Cahill, of New Scotland Pictures, follows Mocean as they rehearse and perform their debut show, Quintecentric, in Halifax last fall.
The film focuses on performance from stage shots of Howard Richard's edgy piece with dancers in red slips pushing each other down, to a sinuous duet shot by Dean Skerrett at Bayswater Beach.
The viewer gets to see brief clips of the five dancers working with Howard Richard, who pushed them into darker emotions and sliding into water on stage, Andrea Leigh-Smith, the self-described "local girl" making an urban, aggressive, percussive piece and Allen and Karen Kaeja, who first gave the dancers pen and paper and asked them to write out their most significant memories, and then create a movement language from that.
"We don't just set movement on them, we pull movement from them," says Karen Kaeja.
"Halifax, Nova Scotia is very lucky to have them not only coming from here but wanting to be here and establish themselves here," says Allen Kaeja.
Cahill first met Mocean's dancers Lisa Phinney and Sarah Rozee when he shot Nova Scotia Ocean Fantasy with them and Rhapsody Quintet, his first piece of dance integrated with music and shot outdoors.
Two years ago he sat down with dancer Alicia Orr to discuss a show featuring her.
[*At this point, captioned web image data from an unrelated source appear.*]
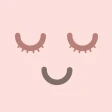 Sleeptot - Rumore bianco icon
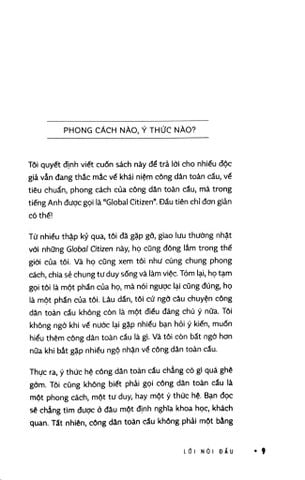  Bộ 6 Quyển GS Phan Văn Trường ( Một Đời Quản Trị + Một Đời Thương Thuyết + Một Đời Như Kẻ Tìm Đường + Cơn Lốc Quản Trị +  Không Có Đỉnh Quá Cao + Công Dân Toàn Cầu ) 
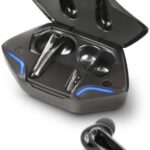 Esperanza EH231 návod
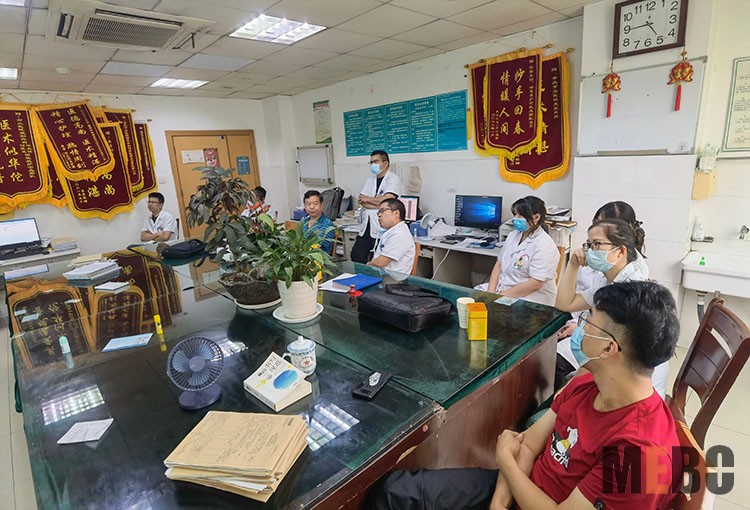 不朽情缘(中国)官方网站入口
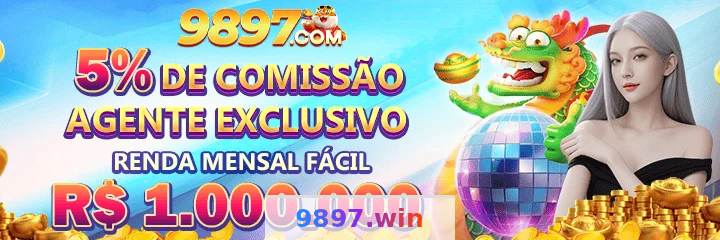 Imagem ilustrativa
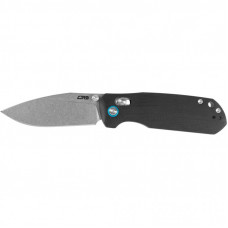Нож CJRB Maximal G10 Black (J1954-BK)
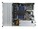 Asus RS500A-E10-RS12U Image 7 from Inside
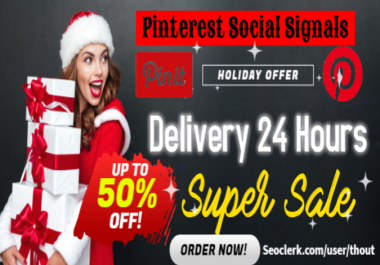Powerful 8,000 Pinterest SEO Social Signals Bookmarks improve Ranking gambling Casino Poker Google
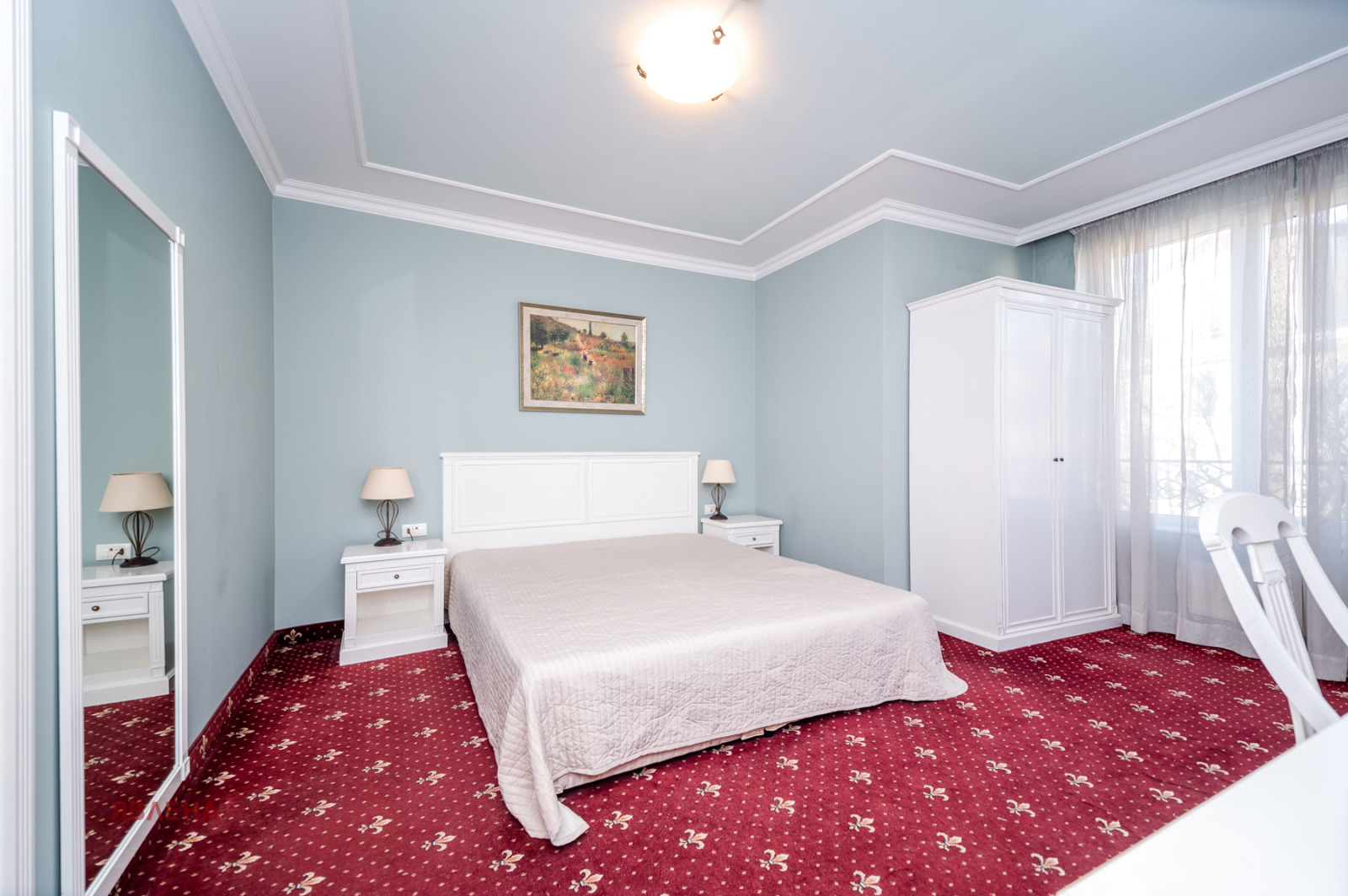 ���� ��� ���� 2-����� | Imot.bg � ����������� 7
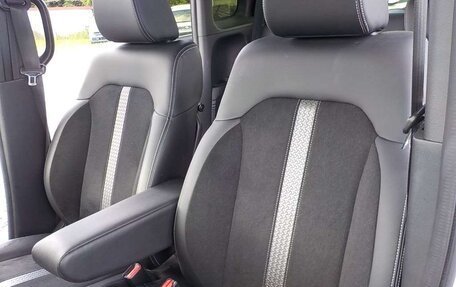 Honda N-BOX II, 2022 год, 650 000 рублей, 17 фотография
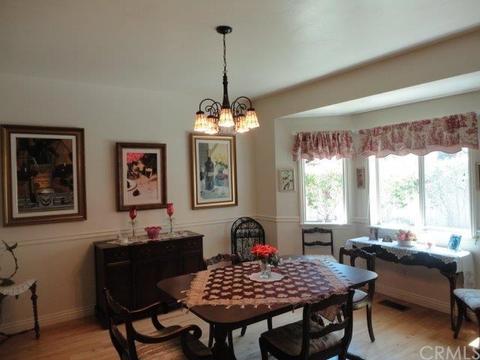 5351 Pacific Crest Dr, Wrightwood, CA 92397 photo 11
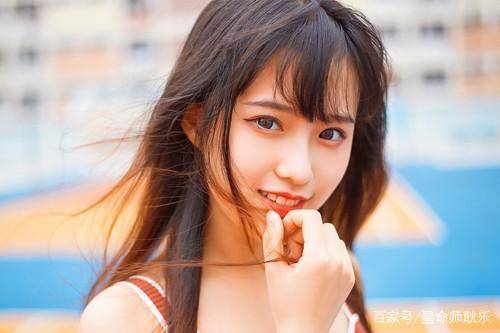 52edaa2d5e124bc38a6546b568b8d335.jpeg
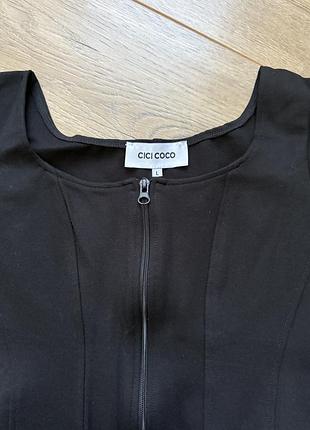 Корсет cicicoco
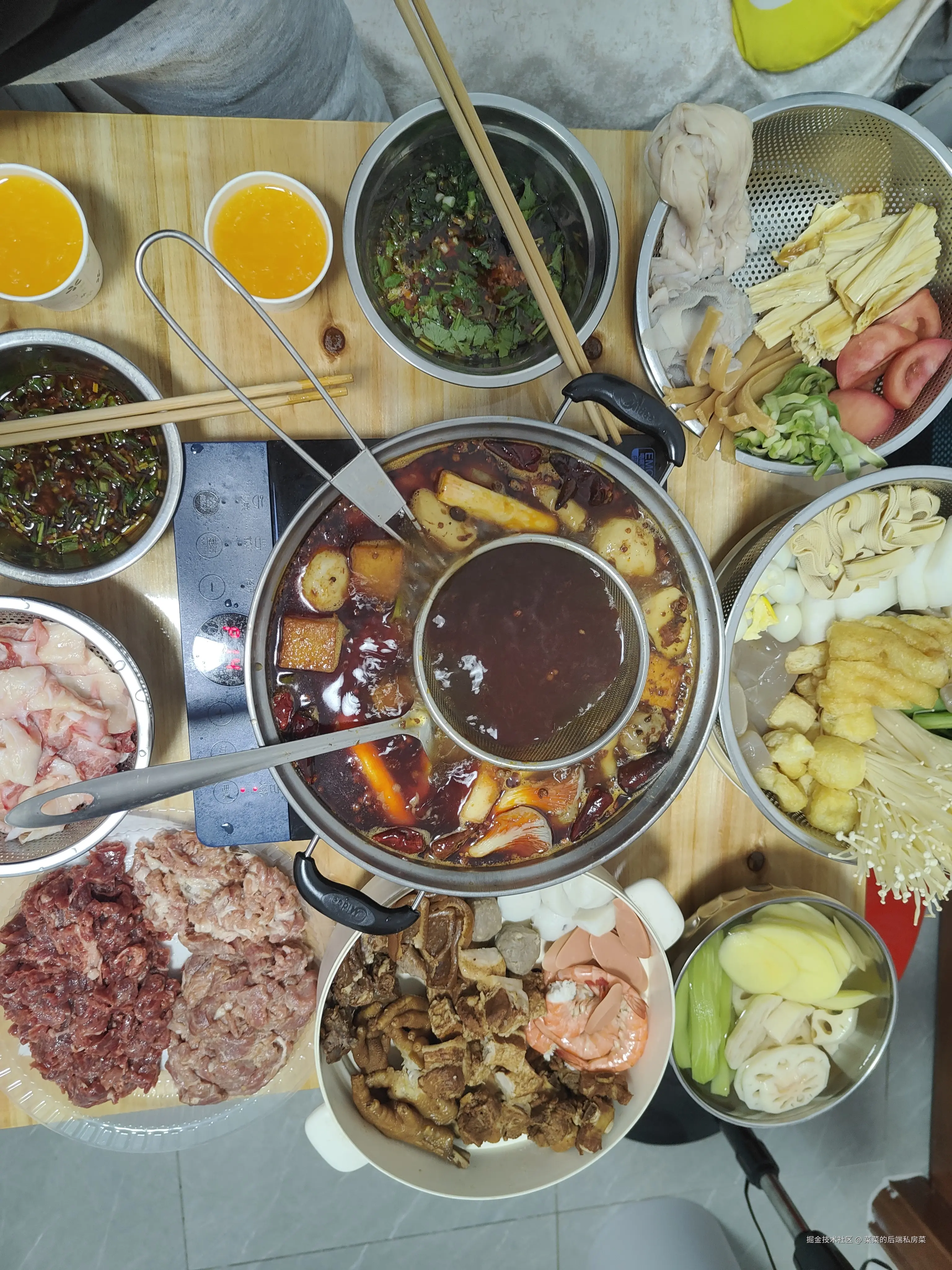 菜菜的后端私房菜于2024-10-31 09:14发布的图片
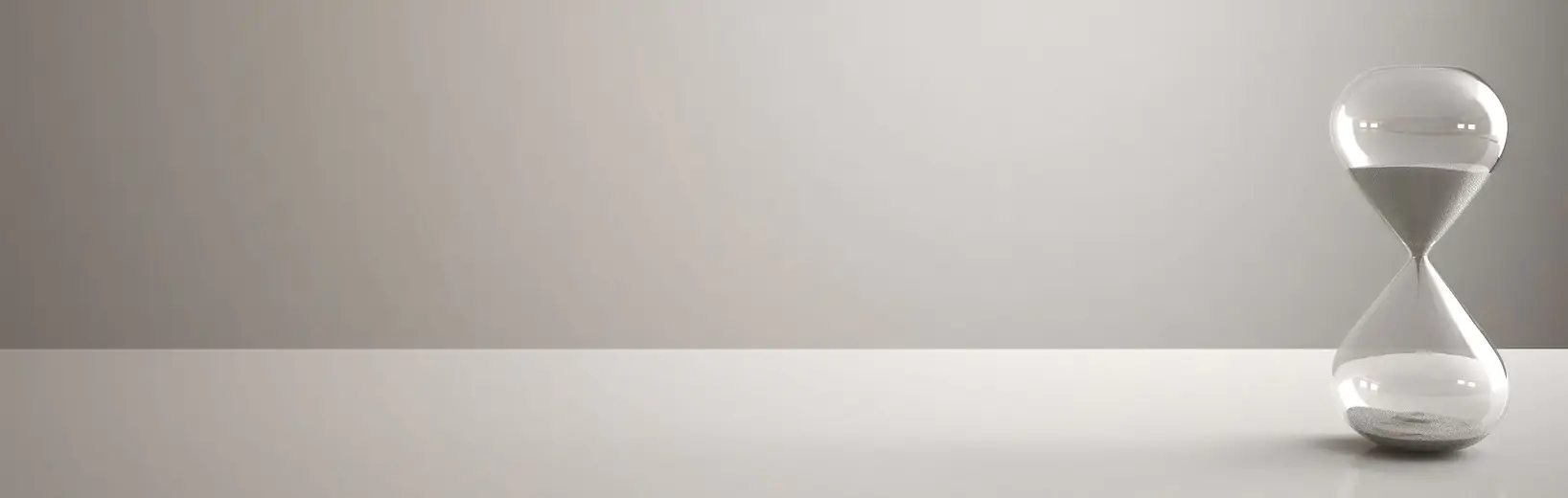 Die neue ISO 50001 wurde am 21.08.2018 veröffentlicht und ist nun auch in der High Level Structure aufgebaut.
She told him about her new project, Mocean Dance, a dance company formed by Halifax Dance students who'd gone away to train and come back home. Also in the company are Carolle Crooks and Sara Harrigan.
Cahill was first excited by the idea of putting dance on TV with the camera moving all over the place, even outdoors, instead of at stage front when he first watched the BravoFact clips that featured contemporary dance shot as if it were in a music video.
The dance "became much more dynamic."
"Dancers are athletes; it's strong, young beautiful bodies and beautiful music and if it's properly edited it's just emotionally very powerful television."
New Scotland Pictures is the only production company in Atlantic Canada that creates performing arts programming exclusively. The company's music specials include The Barra MacNeils' Celtic Chrismas, which aired last month on PBS in the United States.
New Scotland recently produced a music video for 60WattVAMP. Among its arts and music based projects in development is a series of dance performance programs.
The TV special repeats on March 8, 8:30 p.m., and Cahill plans to distribute it internationally.